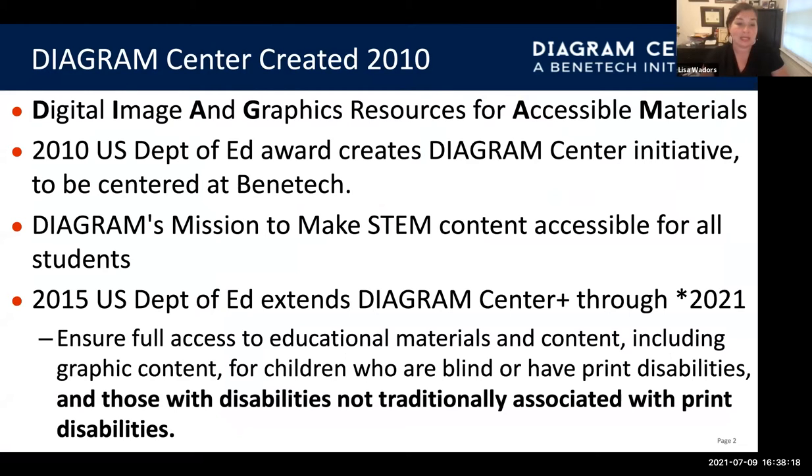Since I wasn't at Diagram in 2010, I thought it would be great to have Jim Fruchterman, the founder of Benetech, tell you a little bit what life was like in the educational realm before the Diagram Center.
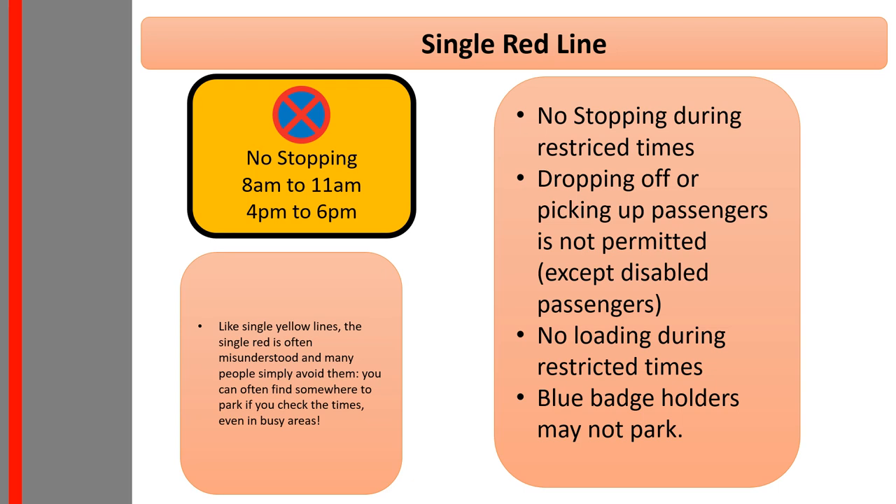Red lines on the other hand are far more severe — they mean no stopping. Note how the no stopping sign has a red cross, or you can think of it as two red lines crossed over each other, whereas the no waiting sign has a single diagonal line. The single/double rule is the same: a single red line means check for signs telling you the times of the no stopping restriction, and a double red line means it's a 24-hour-a-day restriction.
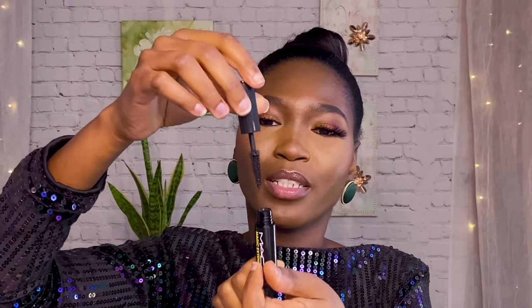I also got the Magic Extension mascara. I can't wait to try this mascara to see how it looks. This is what it looks like — it adds volume plus length to your lashes.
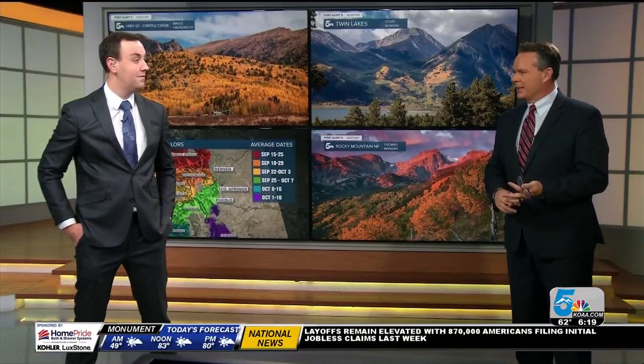If you enjoy anything in the outdoors in Colorado, a guide always helps — whether it's fishing, maybe hiking, someone who knows. And when it comes to checking out those leaves, you're our guide. I'm trying.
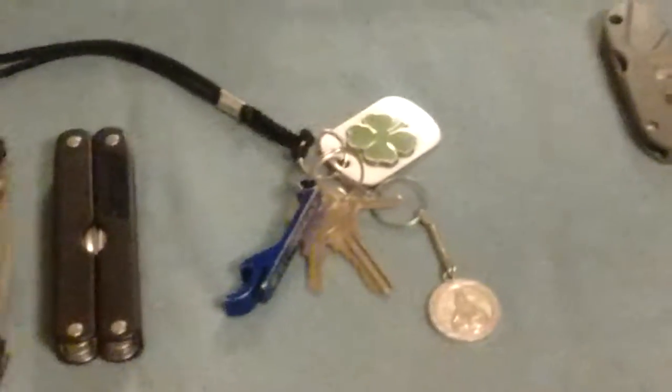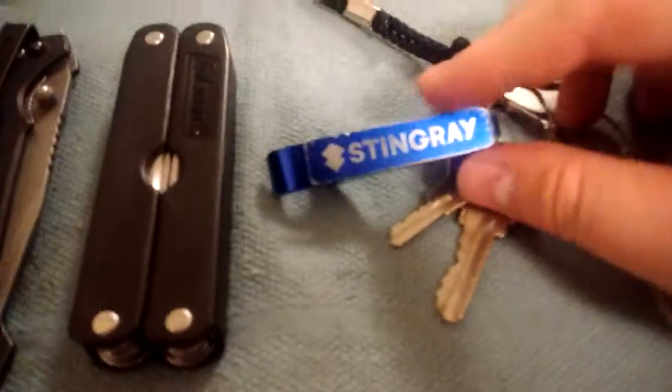Then, of course, I have my keys. Got some good luck charm on there — a Jesus Christ charm. My keys, my bottle opener. It says Stainray on there. I got this at the Sound of Music Festival. And it's all on a simple little lanyard — put that in your pocket.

****

- Assigned task -
Keep the pictures out, and write out the rest of the data above word for word.

- Solution to this exercise -
Since I wasn't at Diagram in 2010, I thought it would be great to have Jim Fruchterman, the founder of Benetech, tell you a little bit what life was like in the educational realm before the Diagram Center.
Red lines on the other hand are far more severe — they mean no stopping. Note how the no stopping sign has a red cross, or you can think of it as two red lines crossed over each other, whereas the no waiting sign has a single diagonal line. The single/double rule is the same: a single red line means check for signs telling you the times of the no stopping restriction, and a double red line means it's a 24-hour-a-day restriction.
I also got the Magic Extension mascara. I can't wait to try this mascara to see how it looks. This is what it looks like — it adds volume plus length to your lashes.
If you enjoy anything in the outdoors in Colorado, a guide always helps — whether it's fishing, maybe hiking, someone who knows. And when it comes to checking out those leaves, you're our guide. I'm trying.
Then, of course, I have my keys. Got some good luck charm on there — a Jesus Christ charm. My keys, my bottle opener. It says Stainray on there. I got this at the Sound of Music Festival. And it's all on a simple little lanyard — put that in your pocket.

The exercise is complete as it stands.